**Task to complete:** Retype all the records with nothing changed.

Data items:
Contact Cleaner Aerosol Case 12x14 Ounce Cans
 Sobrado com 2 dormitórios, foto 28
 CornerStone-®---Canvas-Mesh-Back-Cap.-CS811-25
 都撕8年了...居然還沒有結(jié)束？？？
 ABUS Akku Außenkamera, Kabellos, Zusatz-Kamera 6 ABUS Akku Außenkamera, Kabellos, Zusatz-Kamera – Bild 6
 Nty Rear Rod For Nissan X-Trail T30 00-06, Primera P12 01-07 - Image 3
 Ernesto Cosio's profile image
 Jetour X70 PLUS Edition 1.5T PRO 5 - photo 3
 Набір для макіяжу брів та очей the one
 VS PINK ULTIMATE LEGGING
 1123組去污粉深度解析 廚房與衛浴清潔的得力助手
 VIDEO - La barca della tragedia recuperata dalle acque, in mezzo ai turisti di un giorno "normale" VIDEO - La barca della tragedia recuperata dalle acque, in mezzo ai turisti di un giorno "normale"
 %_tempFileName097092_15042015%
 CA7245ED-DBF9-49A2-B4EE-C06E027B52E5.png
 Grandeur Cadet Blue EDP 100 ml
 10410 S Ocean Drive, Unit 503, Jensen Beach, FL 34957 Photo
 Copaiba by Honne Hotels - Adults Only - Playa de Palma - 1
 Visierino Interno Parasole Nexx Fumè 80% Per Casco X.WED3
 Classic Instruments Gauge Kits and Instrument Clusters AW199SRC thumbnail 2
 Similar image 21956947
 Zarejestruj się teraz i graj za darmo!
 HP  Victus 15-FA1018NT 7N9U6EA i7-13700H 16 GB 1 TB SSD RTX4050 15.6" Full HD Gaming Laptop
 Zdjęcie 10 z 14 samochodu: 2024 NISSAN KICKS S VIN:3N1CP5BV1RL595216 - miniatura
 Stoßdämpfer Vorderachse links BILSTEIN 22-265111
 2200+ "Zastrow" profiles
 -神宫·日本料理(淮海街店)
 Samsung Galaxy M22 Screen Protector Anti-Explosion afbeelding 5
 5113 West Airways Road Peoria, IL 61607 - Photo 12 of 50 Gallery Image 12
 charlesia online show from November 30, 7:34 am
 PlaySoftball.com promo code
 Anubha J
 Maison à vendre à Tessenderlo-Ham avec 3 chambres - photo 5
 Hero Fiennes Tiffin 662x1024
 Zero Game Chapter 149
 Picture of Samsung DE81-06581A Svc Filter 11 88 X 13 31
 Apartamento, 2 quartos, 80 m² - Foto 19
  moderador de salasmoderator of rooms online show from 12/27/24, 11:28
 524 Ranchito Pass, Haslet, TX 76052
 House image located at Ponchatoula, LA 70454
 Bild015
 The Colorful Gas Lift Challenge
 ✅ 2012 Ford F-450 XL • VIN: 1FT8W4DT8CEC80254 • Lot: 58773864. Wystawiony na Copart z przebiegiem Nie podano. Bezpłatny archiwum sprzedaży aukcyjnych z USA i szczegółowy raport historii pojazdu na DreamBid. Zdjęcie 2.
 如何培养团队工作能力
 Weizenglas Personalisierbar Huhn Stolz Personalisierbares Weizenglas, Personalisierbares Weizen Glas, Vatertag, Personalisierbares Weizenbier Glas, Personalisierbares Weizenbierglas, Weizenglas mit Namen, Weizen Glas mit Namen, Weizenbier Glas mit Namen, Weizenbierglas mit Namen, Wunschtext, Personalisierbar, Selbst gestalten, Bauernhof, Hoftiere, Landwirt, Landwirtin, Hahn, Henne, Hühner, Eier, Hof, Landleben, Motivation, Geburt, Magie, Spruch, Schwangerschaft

**Written reply:**
Contact Cleaner Aerosol Case 12x14 Ounce Cans
 Sobrado com 2 dormitórios, foto 28
 CornerStone-®---Canvas-Mesh-Back-Cap.-CS811-25
 都撕8年了...居然還沒有結(jié)束？？？
 ABUS Akku Außenkamera, Kabellos, Zusatz-Kamera 6 ABUS Akku Außenkamera, Kabellos, Zusatz-Kamera – Bild 6
 Nty Rear Rod For Nissan X-Trail T30 00-06, Primera P12 01-07 - Image 3
 Ernesto Cosio's profile image
 Jetour X70 PLUS Edition 1.5T PRO 5 - photo 3
 Набір для макіяжу брів та очей the one
 VS PINK ULTIMATE LEGGING
 1123組去污粉深度解析 廚房與衛浴清潔的得力助手
 VIDEO - La barca della tragedia recuperata dalle acque, in mezzo ai turisti di un giorno "normale" VIDEO - La barca della tragedia recuperata dalle acque, in mezzo ai turisti di un giorno "normale"
 %_tempFileName097092_15042015%
 CA7245ED-DBF9-49A2-B4EE-C06E027B52E5.png
 Grandeur Cadet Blue EDP 100 ml
 10410 S Ocean Drive, Unit 503, Jensen Beach, FL 34957 Photo
 Copaiba by Honne Hotels - Adults Only - Playa de Palma - 1
 Visierino Interno Parasole Nexx Fumè 80% Per Casco X.WED3
 Classic Instruments Gauge Kits and Instrument Clusters AW199SRC thumbnail 2
 Similar image 21956947
 Zarejestruj się teraz i graj za darmo!
 HP  Victus 15-FA1018NT 7N9U6EA i7-13700H 16 GB 1 TB SSD RTX4050 15.6" Full HD Gaming Laptop
 Zdjęcie 10 z 14 samochodu: 2024 NISSAN KICKS S VIN:3N1CP5BV1RL595216 - miniatura
 Stoßdämpfer Vorderachse links BILSTEIN 22-265111
 2200+ "Zastrow" profiles
 -神宫·日本料理(淮海街店)
 Samsung Galaxy M22 Screen Protector Anti-Explosion afbeelding 5
 5113 West Airways Road Peoria, IL 61607 - Photo 12 of 50 Gallery Image 12
 charlesia online show from November 30, 7:34 am
 PlaySoftball.com promo code
 Anubha J
 Maison à vendre à Tessenderlo-Ham avec 3 chambres - photo 5
 Hero Fiennes Tiffin 662x1024
 Zero Game Chapter 149
 Picture of Samsung DE81-06581A Svc Filter 11 88 X 13 31
 Apartamento, 2 quartos, 80 m² - Foto 19
  moderador de salasmoderator of rooms online show from 12/27/24, 11:28
 524 Ranchito Pass, Haslet, TX 76052
 House image located at Ponchatoula, LA 70454
 Bild015
 The Colorful Gas Lift Challenge
 ✅ 2012 Ford F-450 XL • VIN: 1FT8W4DT8CEC80254 • Lot: 58773864. Wystawiony na Copart z przebiegiem Nie podano. Bezpłatny archiwum sprzedaży aukcyjnych z USA i szczegółowy raport historii pojazdu na DreamBid. Zdjęcie 2.
 如何培养团队工作能力
 Weizenglas Personalisierbar Huhn Stolz Personalisierbares Weizenglas, Personalisierbares Weizen Glas, Vatertag, Personalisierbares Weizenbier Glas, Personalisierbares Weizenbierglas, Weizenglas mit Namen, Weizen Glas mit Namen, Weizenbier Glas mit Namen, Weizenbierglas mit Namen, Wunschtext, Personalisierbar, Selbst gestalten, Bauernhof, Hoftiere, Landwirt, Landwirtin, Hahn, Henne, Hühner, Eier, Hof, Landleben, Motivation, Geburt, Magie, Spruch, Schwangerschaft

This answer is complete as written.